▶ **WHAT IS REQUIRED**:
Reproduce the listing in full. Omit the pictures.

▶ **INFORMATION SUPPLIED**:
<<<<

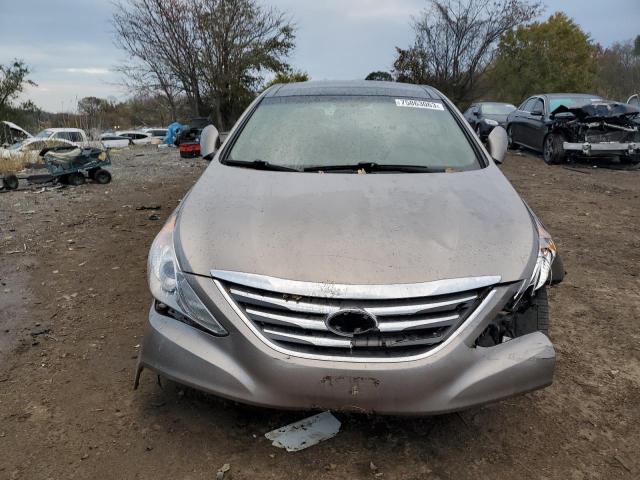 5NPEC4AC0EH947143 - 2014 HYUNDAI SONATA SE GRAY photo 5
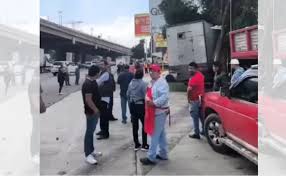 Bloqueo Mexico Toluca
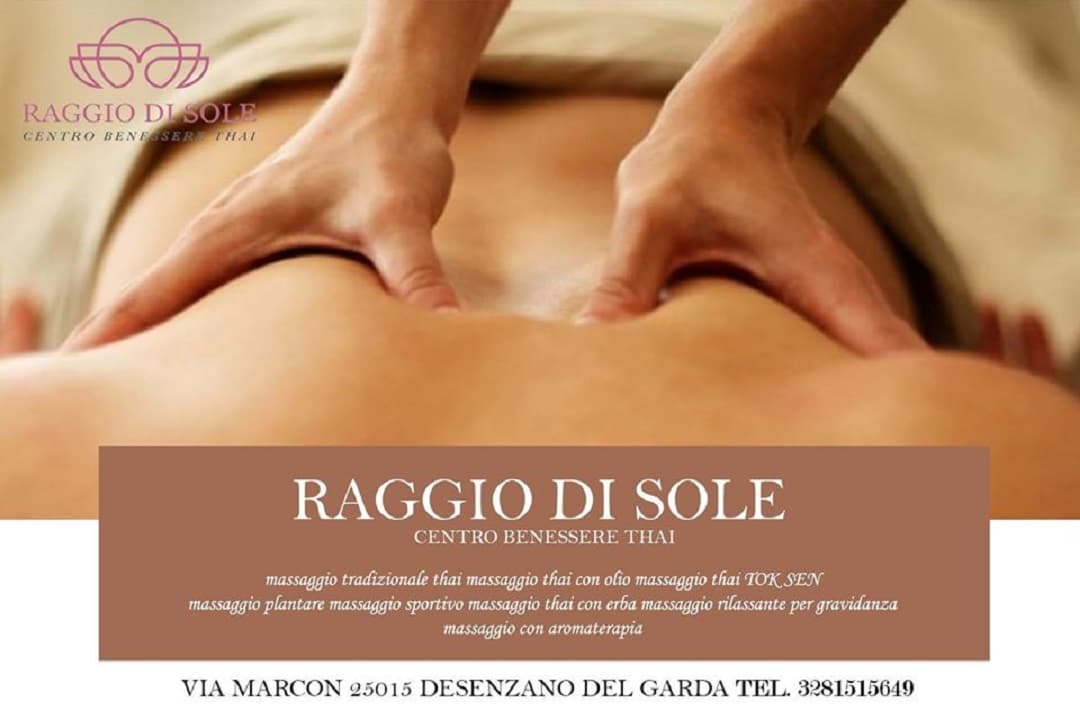 Foto 3 di Raggio Di Sole Thai Massage
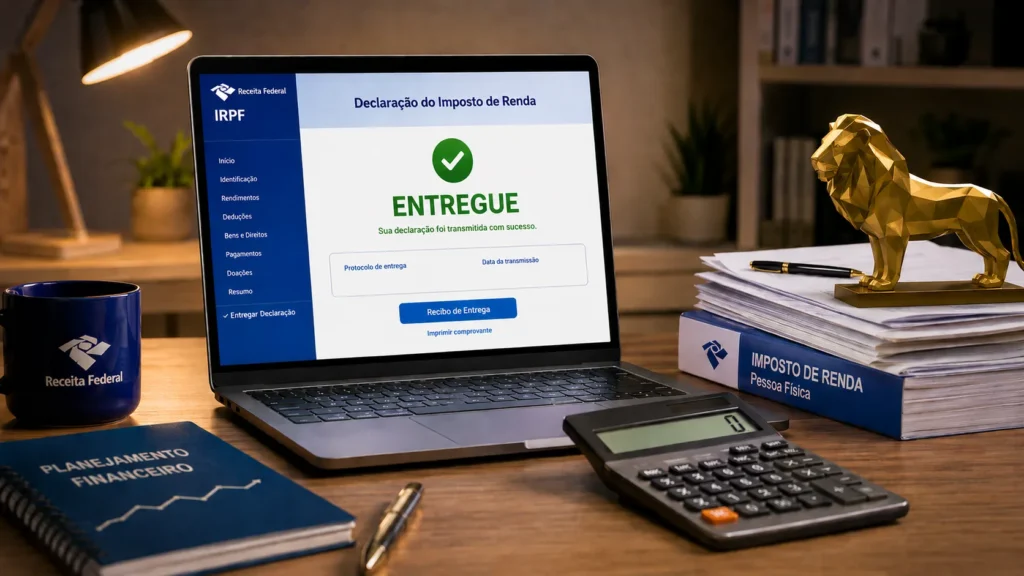 comprovante entrega imposto de renda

>>>>

▶ **PROBLEM SOLUTION**:
 5NPEC4AC0EH947143 - 2014 HYUNDAI SONATA SE GRAY photo 5
 Bloqueo Mexico Toluca
 Foto 3 di Raggio Di Sole Thai Massage
 comprovante entrega imposto de renda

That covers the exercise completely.